Death is the mother of beauty

Death is the mother of beauty; hence from her,

Alone, shall come fulfilment to our dreams

And our desires.

From Sunday Morning, by Wallace Stevens Sunday Morning by Wallace Stevens | Poetry Magazine (poetryfoundation.org)

This is our conversation so far, begun in a previous thread:

Paul: Suppose we have the most marvellous relationship, full of vibrancy and joy. Yet one day it will all come to an end. Death will intervene. Can we therefore include death in our relationship, not push it away as though it doesn’t matter?

Rick: Yes, death should be included. It demands to be included, though we might ignore or repress that demand. Impermanence, sorrow, fear, loss, ending, these are all part of the relationship package.

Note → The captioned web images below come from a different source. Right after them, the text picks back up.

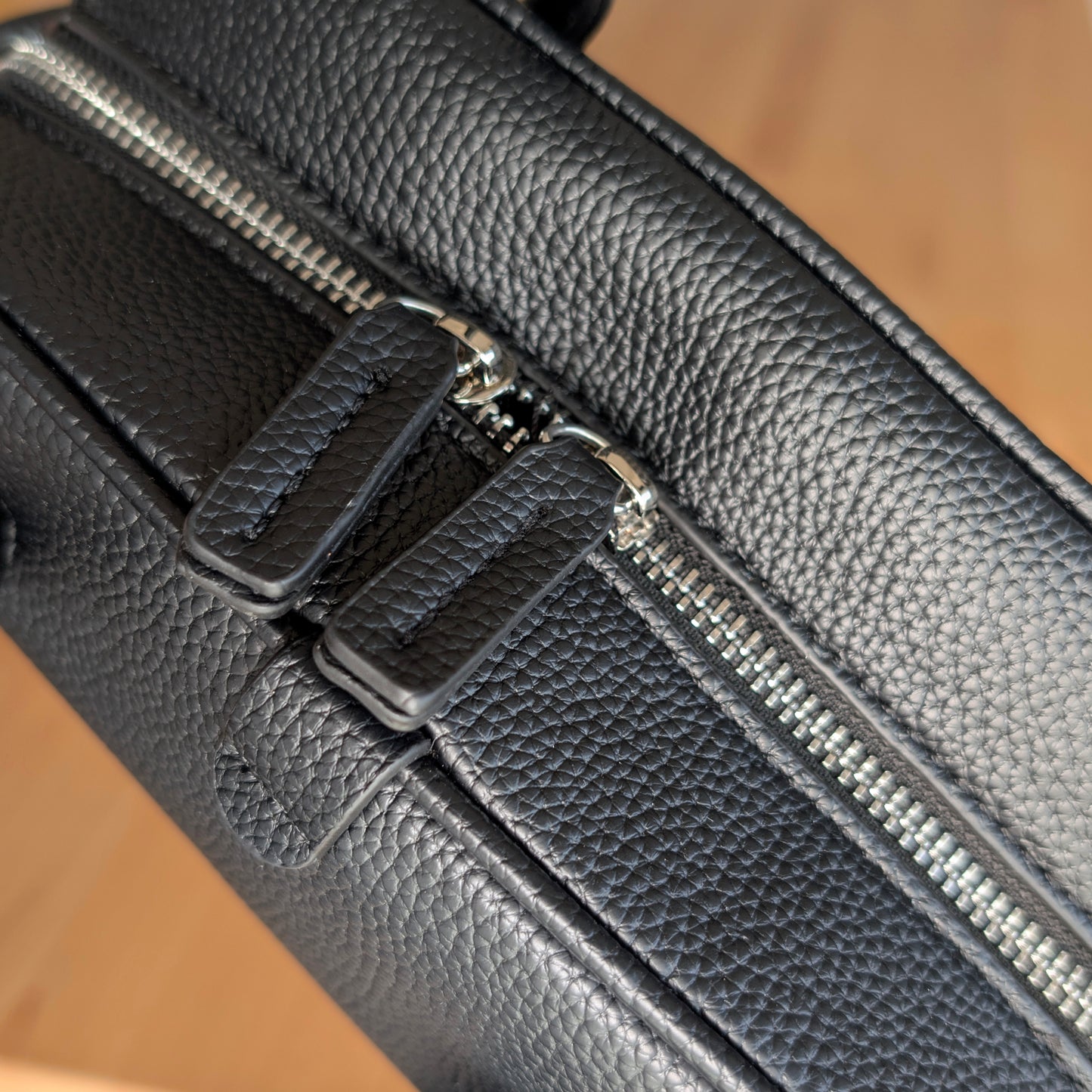 PUシュリンクレザー ミニボストンバッグ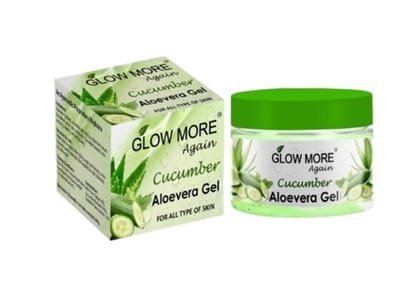 Glow More Again Cucumber Aloevera Gel ( Disappears dark circles and dark spots, Tighten pores, Brings natural glow to skin.)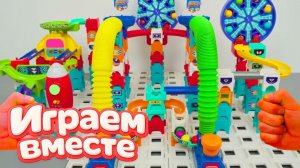 АСМР ГОРКИ С ШАРИКАМИ ДЛЯ ДЕТЕЙ 🏁 КОНСТРУКТОР ЛЕГО ВИТЕХ ДЛЯ ДЕТЕЙ ЧАСТЬ 20 🏁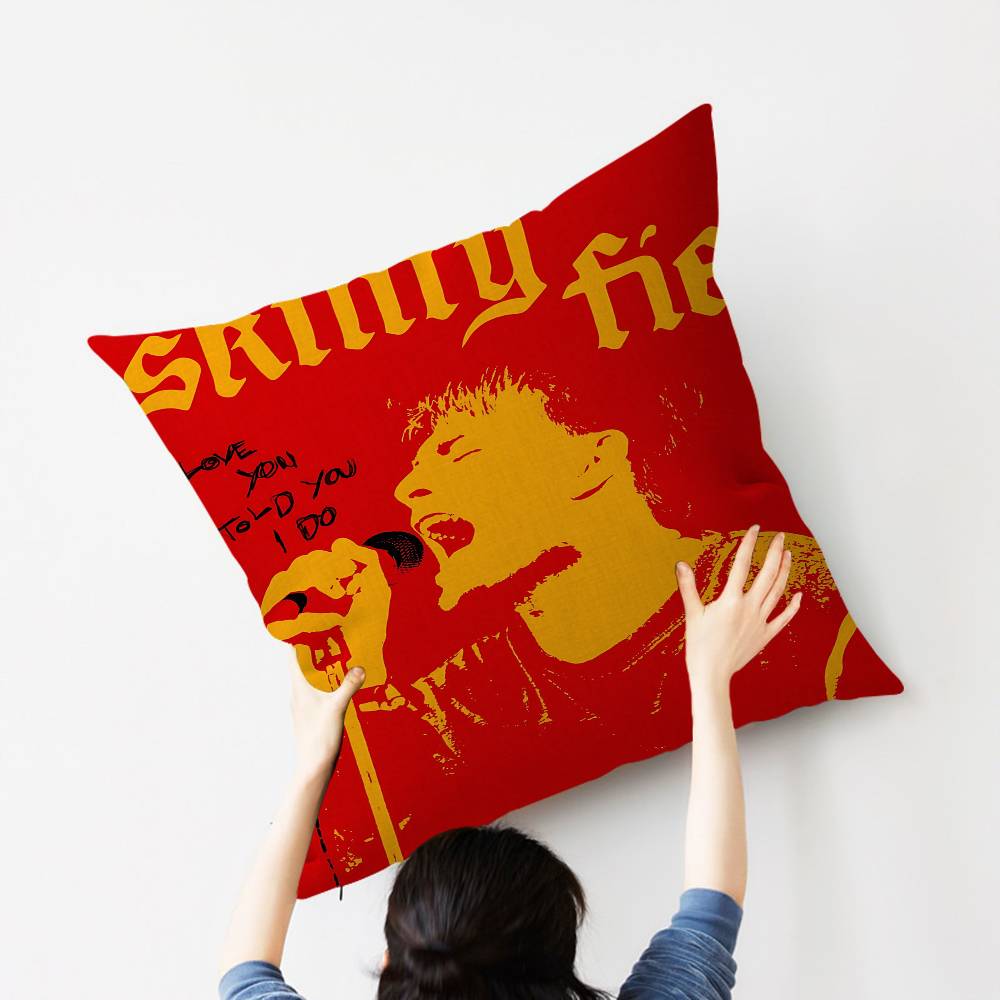 F-Fontaines D.C. Romance Pillow Cushion Cover Pillowcase Living Room Sofa Home Decor Customized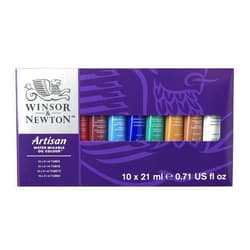 Winsor & Newton Artisan Water Mixable Oil Color Paint Set, 0.71-oz (21ml) Tubes, Set of 10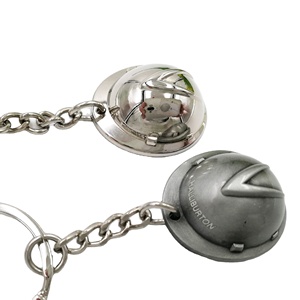 Porte-clés <span class=keywords><strong>Casque</strong></span> de Sécurité Miniature 3D pour l'Industrie Pétrolière et Gazière – Cadeau Souvenir - Product Image 1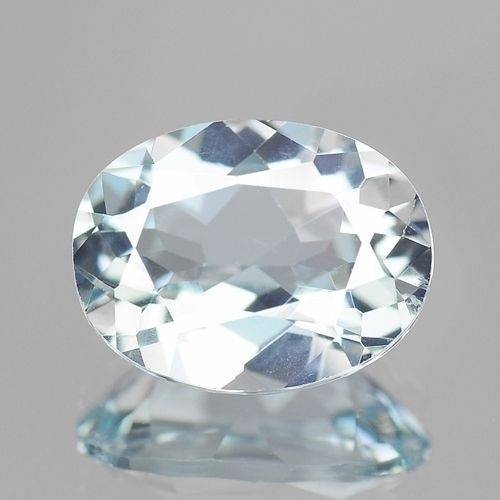 OUTSTANDING SIZE!  5.01 Ct. OVAL FACET 100% NATURAL SOFT BLUE AQUAMARINE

Paul: There is no doubt that we are connected in some way, is there? We have our shared history, if nothing else. Does our connection define our relationship? Or is relationship about something entirely different from connection?

Rick: If time were removed from the equation, if there were no past, no future, just whatever is happening between us now, would there be a relationship? A connection, perhaps, by virtue of sharing the present moment. But relationship seems to imply/require history.

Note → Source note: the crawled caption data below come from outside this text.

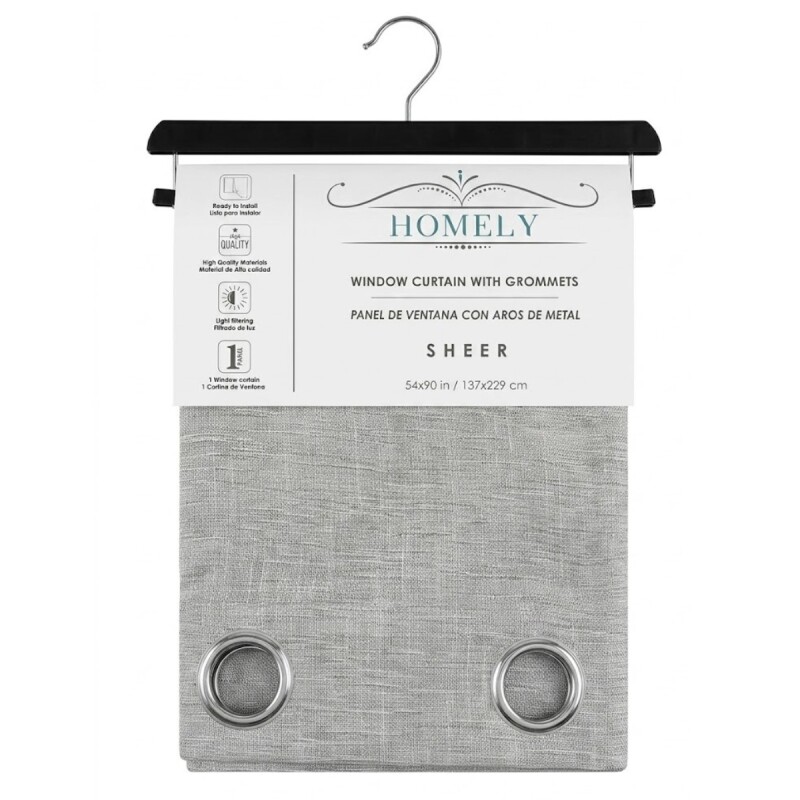 CORTINA VISILLO BOHEMIA GRIS 137X229CM Unica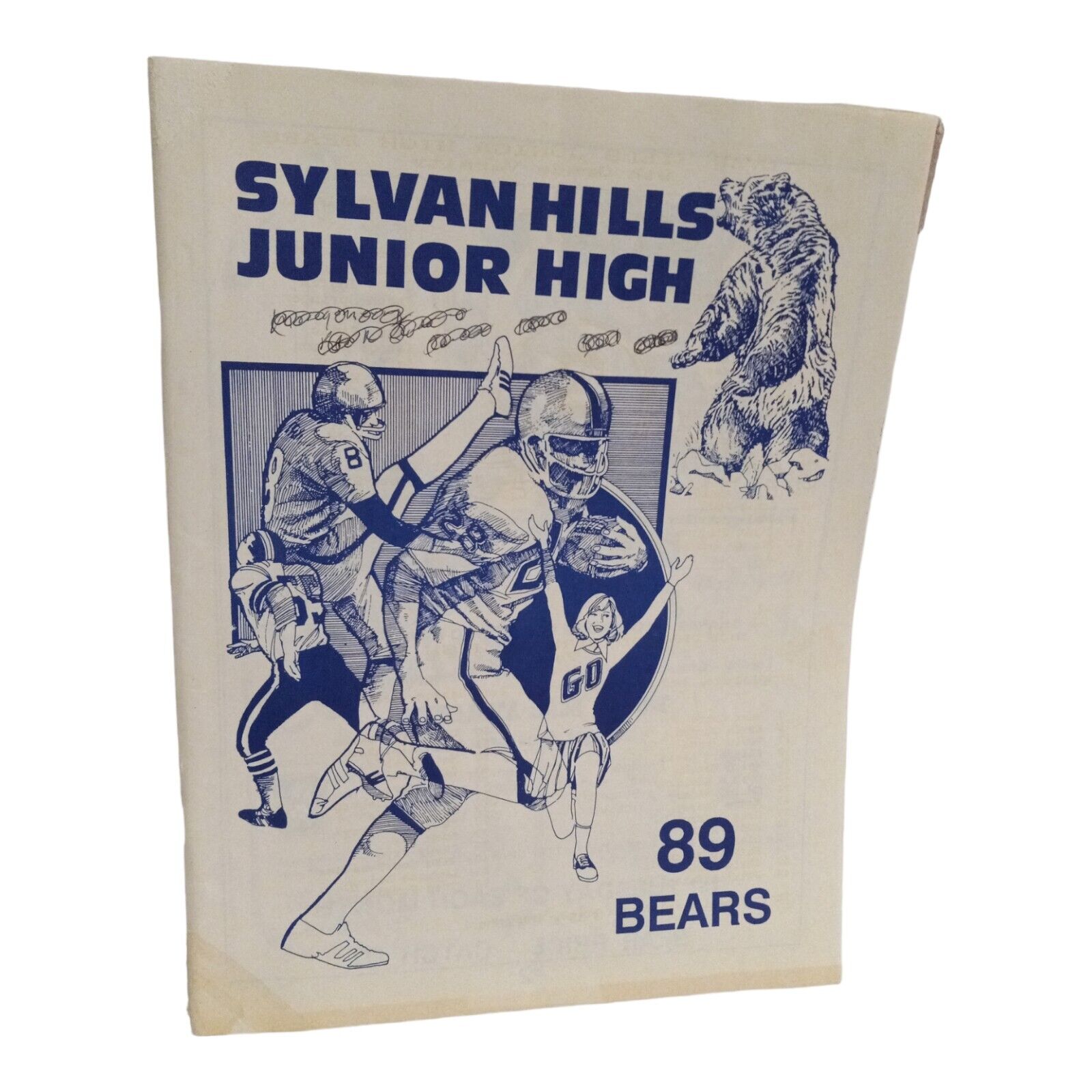 1989 Sylvan Hills Junior High Sports Season Book Sherwood Arkansas Ephemera 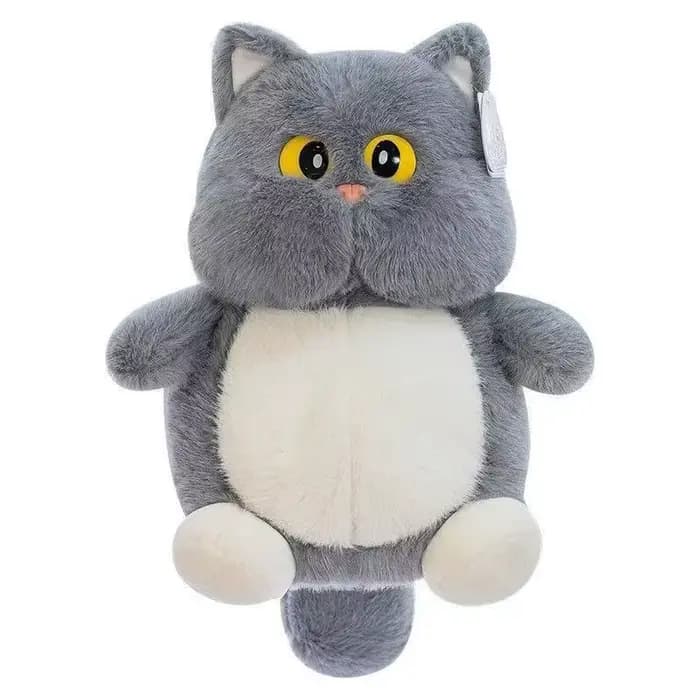 Jouet en peluche chat de 25cm, nouveau Style, avec nœud et grands yeux aquisis, poupée chaton pouvan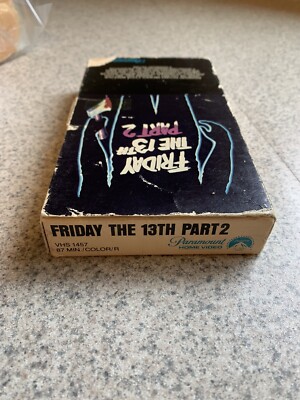 Friday The 13th Part 2 Rare First Print VHS Gatefold Cover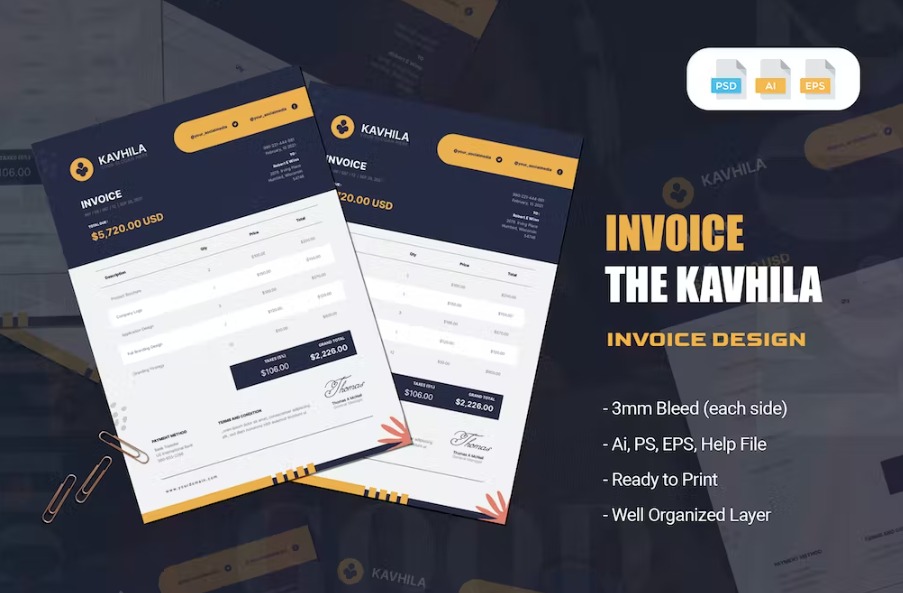 Free Khavilla Invoice Template Download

Paul: Yet death is also the total absence of history. Death and dying is about something other than time. And life without dying is no life at all.

Rick: Let’s explore!

Probably the first logical thing to do with this topic is to turn the supposition at the head of the conversation - that we have a marvellous relationship full of vibrancy and joy - into a fact. Then we are no longer dealing with a dead idea which we can comfortably and conceptually kick around; but instead we have to meet each other in the midst of a living phenomenon with all the fragility and uncertainty that comes with it. Otherwise, this will all be theoretical, won’t it?

Full of life and mystery, yes.

Is the desire for this kind of relationship any different from the actuality of it? I am talking specifically about the desire for mystery.

When you desire mystery, you are probably desiring some form of mystique, glamour, power.

When you see mystery, the actuality of it, you are basically saying: I don’t know.

I wonder if there is really any difference between the desire and the actuality. What is desire for mystery? Isn’t it a desire for the unknown and the new?

What makes us desire the unknown, the new? Isn’t it sometimes (often?) the hunger for mystique, glamour, power? Meaning? If I say “Life is a mystery” I invest it with psychological richness, right?

Mystique, glamour and power all have images attached. Is there any image of the new or the unknown? Can there be?

Yes, definitely. But the question is: Are these really images of the new and unknown or are they images of our images of the new and unknown? Do you understand what I mean?

Are we confusing the new with the better or the good? There are plenty of images of a better life or a good life, aren’t there? But any image of the new is quite impossible.

When I think of ‘the new,’ when I image-ine it, it has a feeling, a look, a texture. It’s sparkly and fresh and pure. As enjoyable as this image is, if I mistake it for the actual new, I’m nurturing incoherence and delusion.

The actual new, like the actual unknown is, by definition, unknowable. It can only be imagined.

Is death unknowable?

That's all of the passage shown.